Workplace Retaliation - Harassment With a Vengeance
Welcome to the Workplace Answers Harassment and Diversity Compliance
Newsletter. This week, we're sharing news about the very important,
but often misunderstood topic of workplace retaliation. Retaliation
is often more costly, insidious and harmful to organizations than the
original harassment complaints from which they result. Here are some
tips on protecting your teams from retaliation in the workplace.
transitive verb : to repay (as an injury) in kind; to return like for
like; especially to get revenge
Know the Trends:
1. In October 2009 a Salt Lake City car dealership, agreed to pay a
settlement of $455,000 in damages to 5 women employees who
suffered sexual harassment and retaliation by multiple salesmen
and sales managers over a period of years, even though the salesmen
and managers were no longer with the company at the time of the settlement.
In addition the cash settlement, the dealership agreed to issue formal
apologies to the women and to provide training and other relief aimed at
educating its employees about sexual harassment, retaliation and
their rights under Title VII.
2. In November 2009 a Philadelphia utility contractor, under a two
year EEOC consent decree agreed to pay $200,000 in damages and relief
to 5 female employees who were subject to sex discrimination and
retaliation. The employees, who were denied higher-paying positions due to their
sex, were victims to reduced work hours and reduction in work
assignments in retaliation for complaints.
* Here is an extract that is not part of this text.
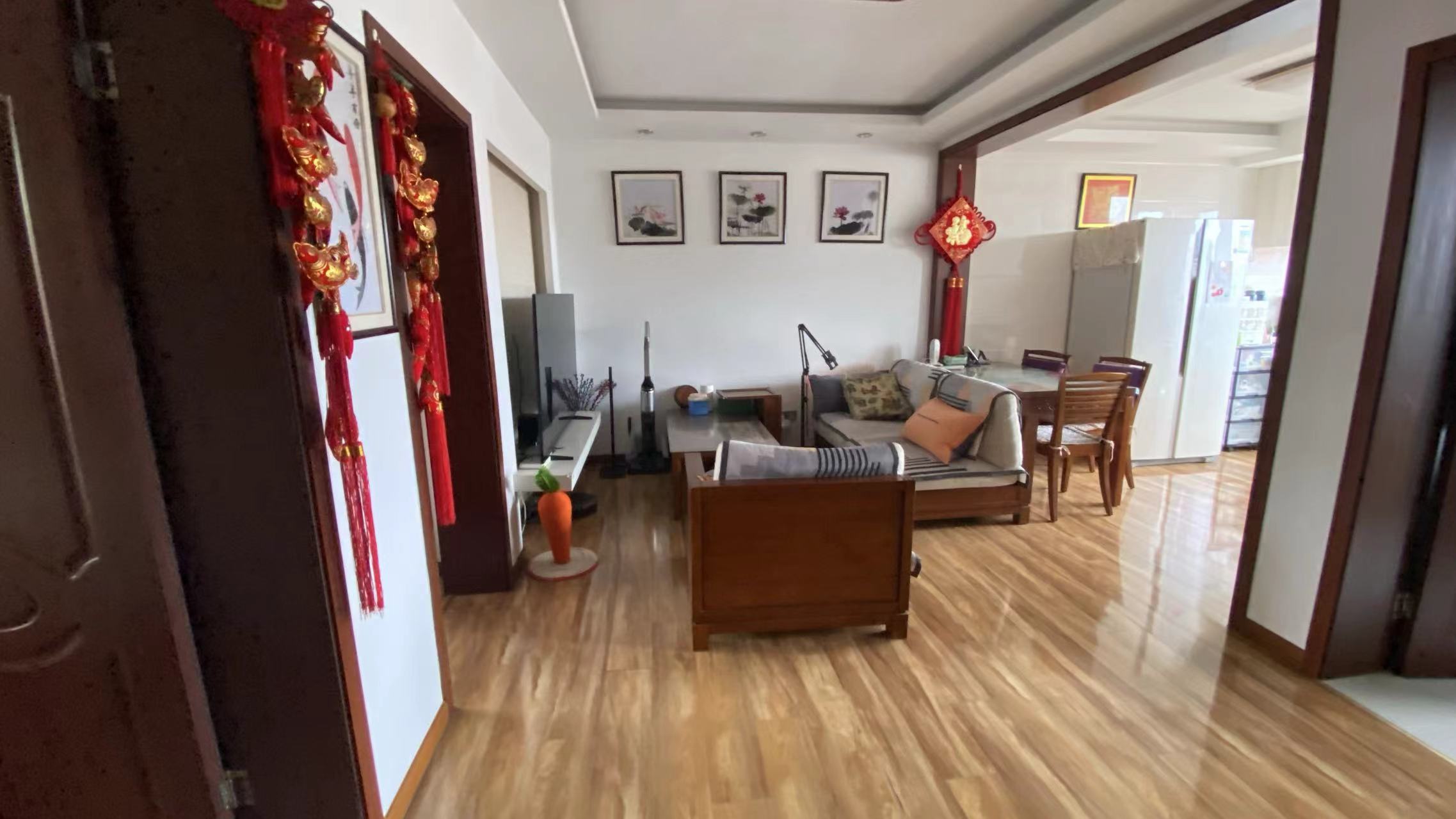 宝隆花园 2室1厅1卫 75m²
In addition to paying
$200,000, the company must provide annual training for all managers
and supervisors regarding employee rights and employer responsibility
under Title VII.
3. In 2009, with only 9.8% of the 30,641 harassment cases settled,
$80.5 million was awarded in monetary benefits against employers. In
2009, 36% of the total discrimination charges filed included a claim
of employer retaliation, climbing steadily from 20.2% in 1997, to
27.1% in 2000 and 28.6% in 2004.
Contact Us to learn more about how Workplace Answers can help you
prevent Workplace Retaliation.
Know your Risks
1. What is unlawful Workplace Retaliation? The U.S. Supreme Court
ruling in Burlington Northern & Santa Fe Railway Co. v. White (2006)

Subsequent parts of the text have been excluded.